** Available records follows **

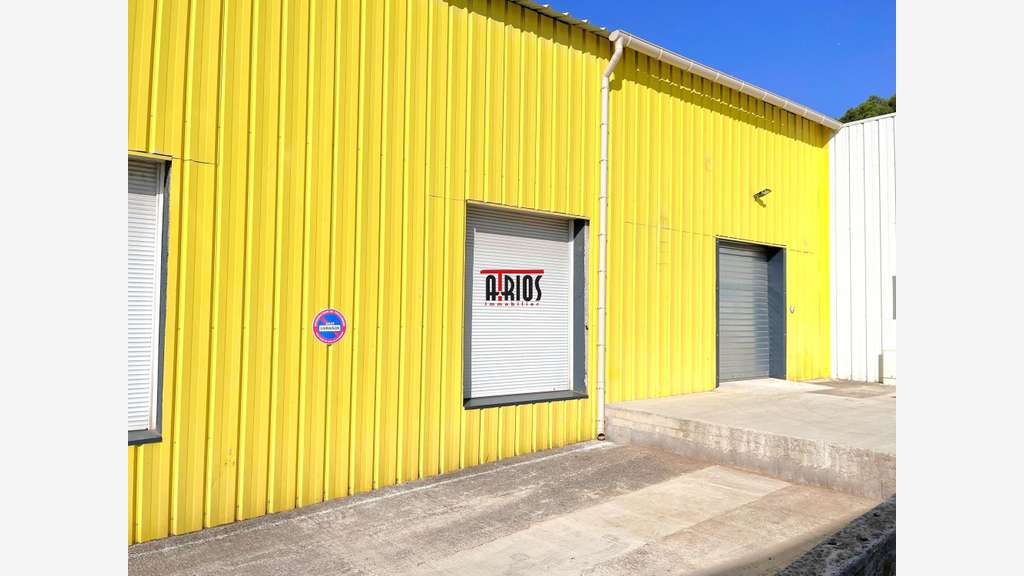 LOCAL COMMERCIAL 256 M²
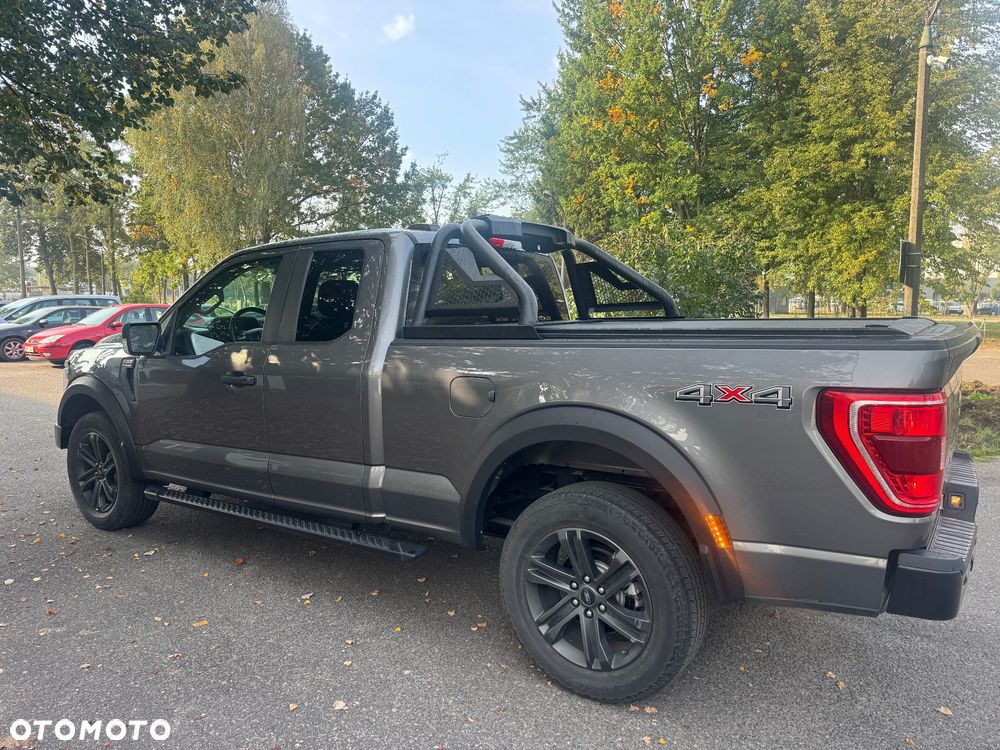 Ford F150 - 4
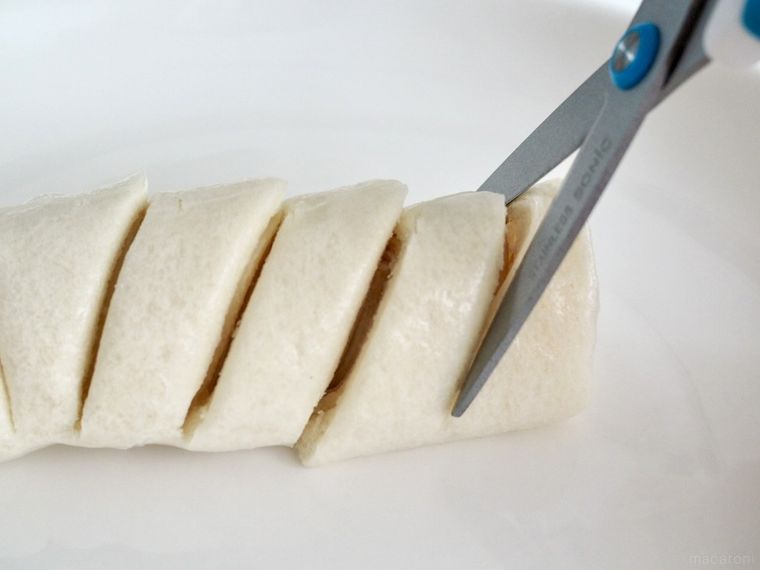 食パンをカットしているところ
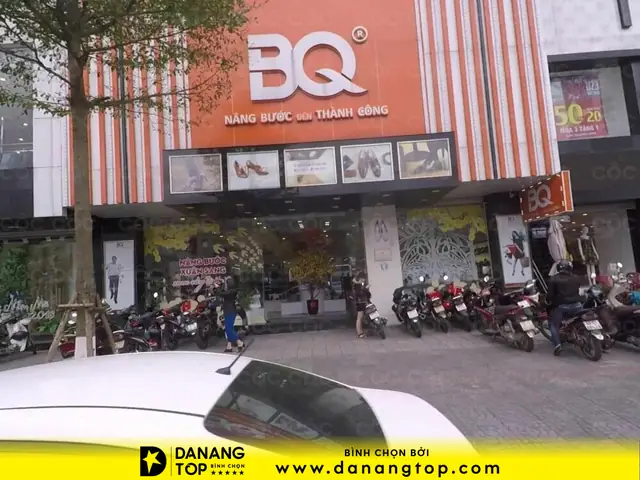 Bq Lê Duẩn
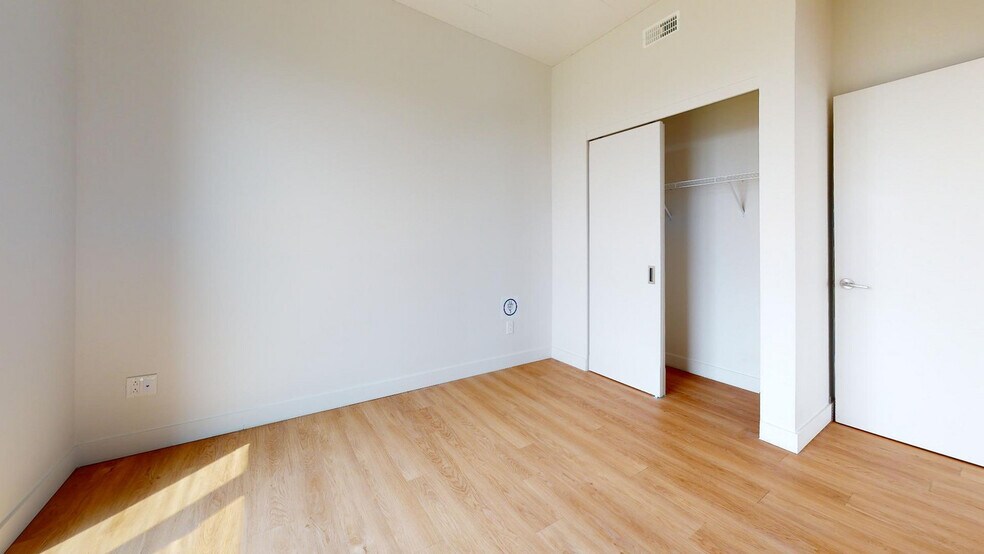 More Photos Of 8405 Pl Saint-Charles, Brossard Apartments For Lease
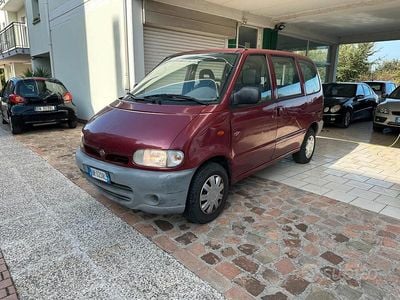 Usata Nissan Serena 97 CV (71 kW) 2001 Rosso Monovolume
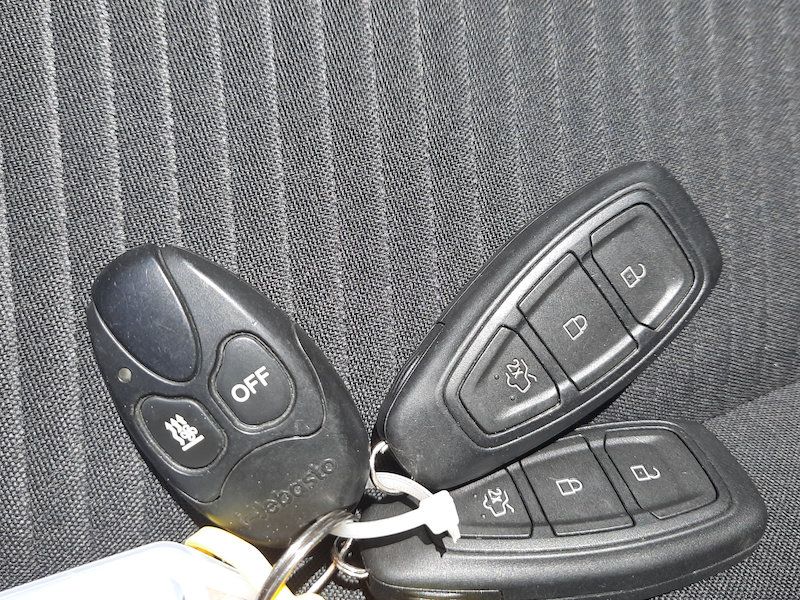 Zunanja slika - Ford Focus - Titanium 1.5 EcoBlue 120KM-RADAR-ZIMSKI PAKET - 18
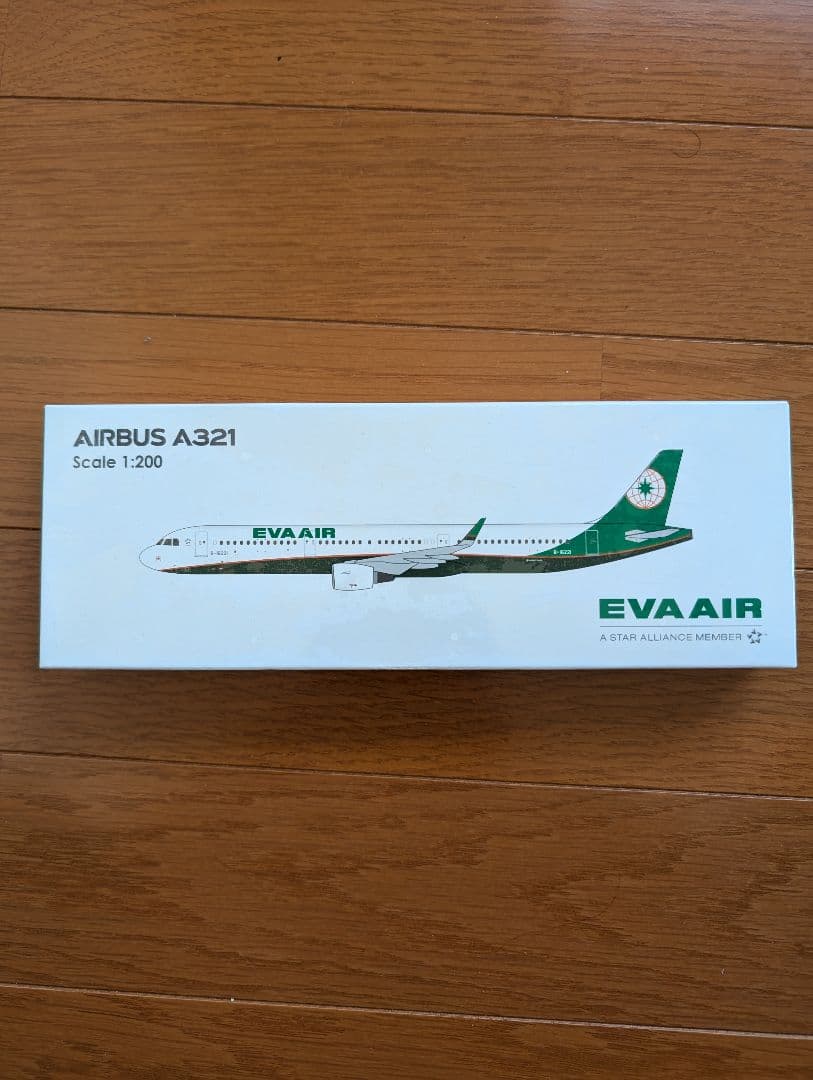 【新品】エアバス模型　EVA AIR Airbus A321 スケール1:200
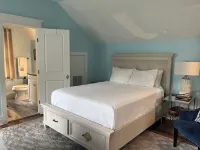 Downtown waterfront Walking Distance to Everything!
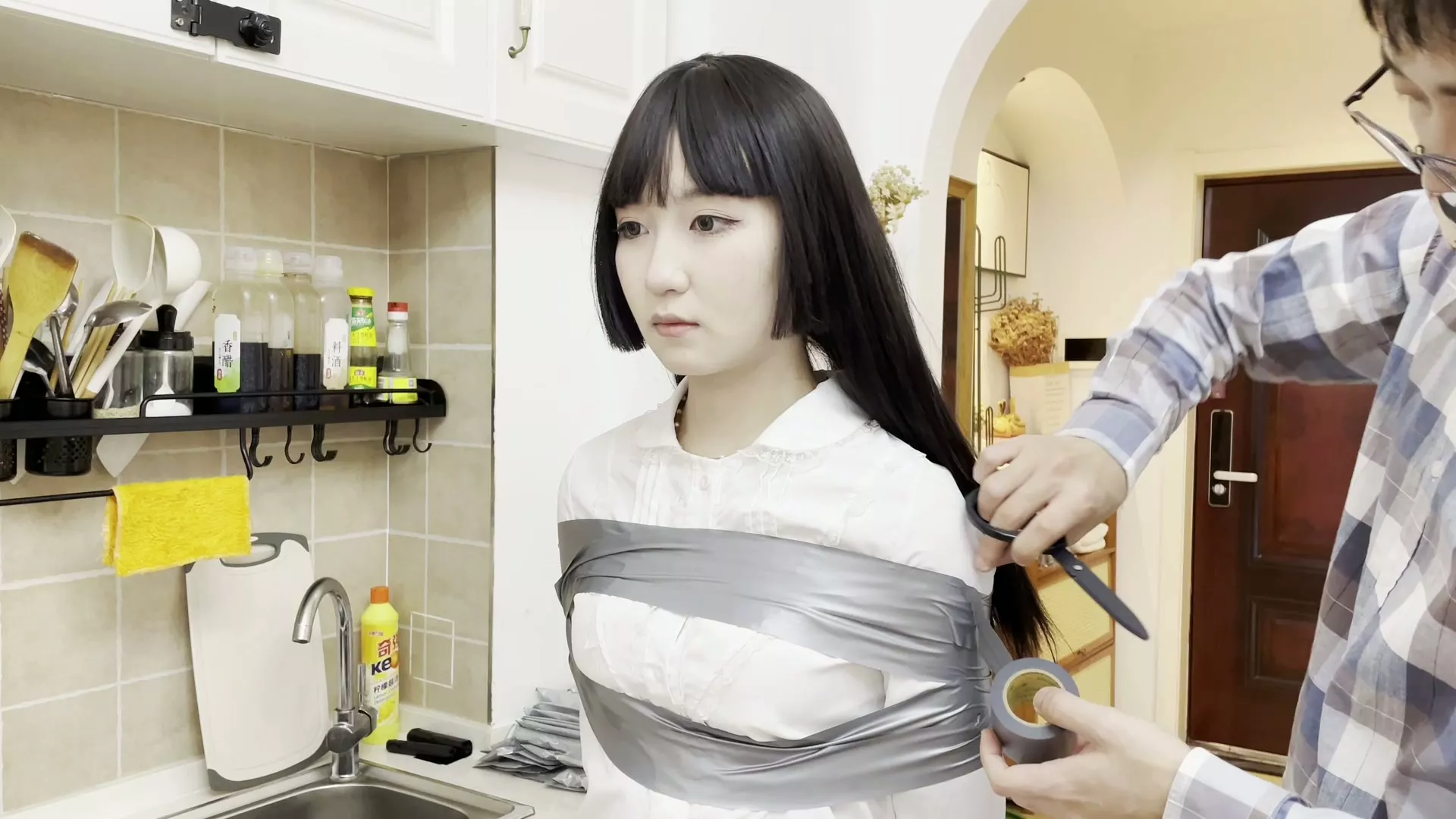 Screenshot 2 from Bound Art Records: Xiao Huai’s Celebrity Debut in Black Stockings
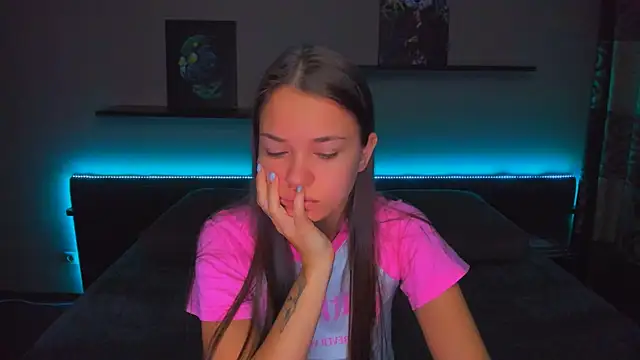 AlexaBarkley online show from 10.31.25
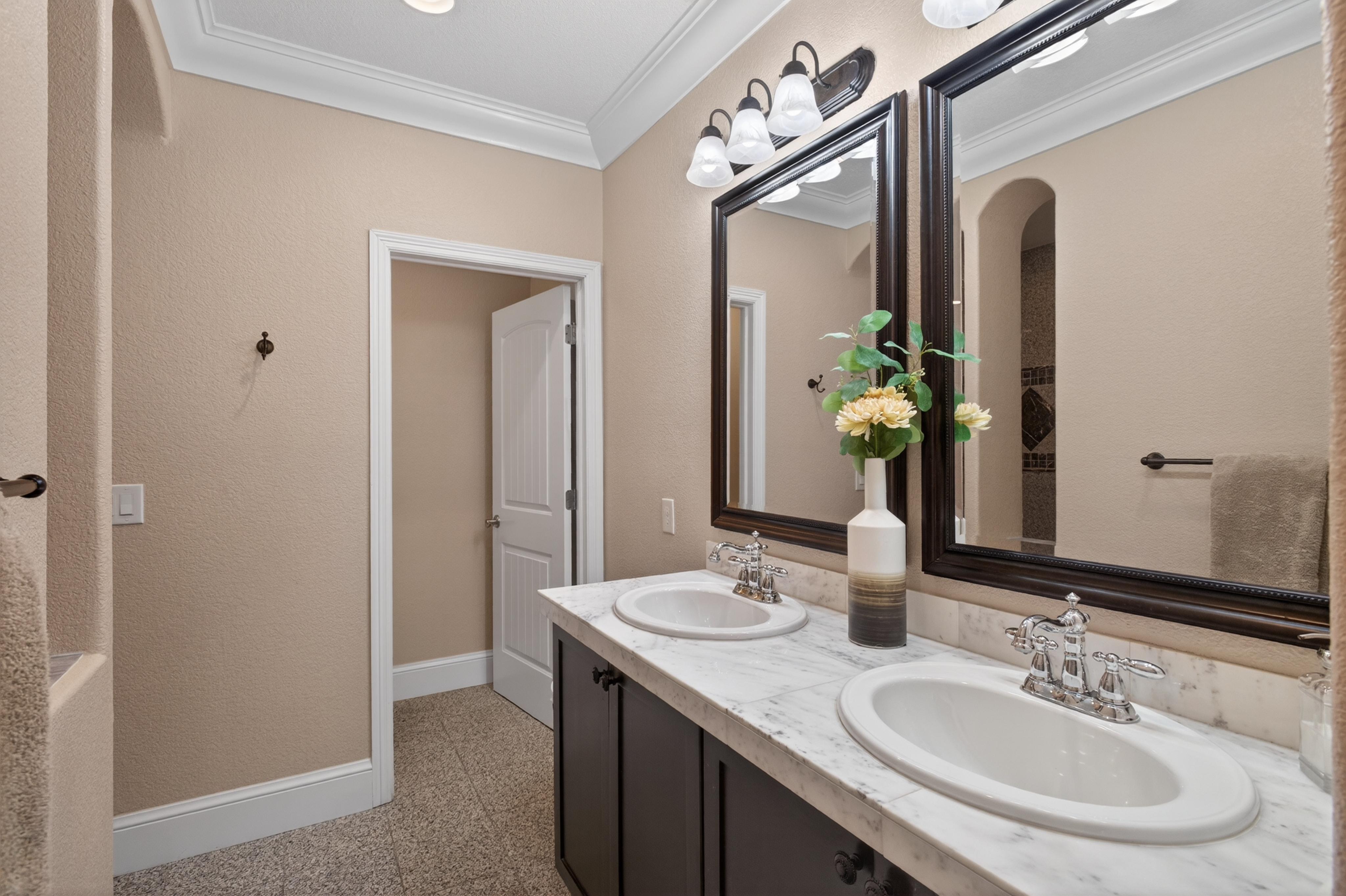  Backcountry Living: Open Space Views, Wet Bar Theater & Luxury Primary Suite - 物件實景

** End of Available records **

Aim of the exercise: Output exactly the lines from the one that has "More Photos Of" through the end of the data. Do not include pictures.

Exercise solution:
 More Photos Of 8405 Pl Saint-Charles, Brossard Apartments For Lease
 Usata Nissan Serena 97 CV (71 kW) 2001 Rosso Monovolume
 Zunanja slika - Ford Focus - Titanium 1.5 EcoBlue 120KM-RADAR-ZIMSKI PAKET - 18
 【新品】エアバス模型　EVA AIR Airbus A321 スケール1:200
 Downtown waterfront Walking Distance to Everything!
 Screenshot 2 from Bound Art Records: Xiao Huai’s Celebrity Debut in Black Stockings
 AlexaBarkley online show from 10.31.25
  Backcountry Living: Open Space Views, Wet Bar Theater & Luxury Primary Suite - 物件實景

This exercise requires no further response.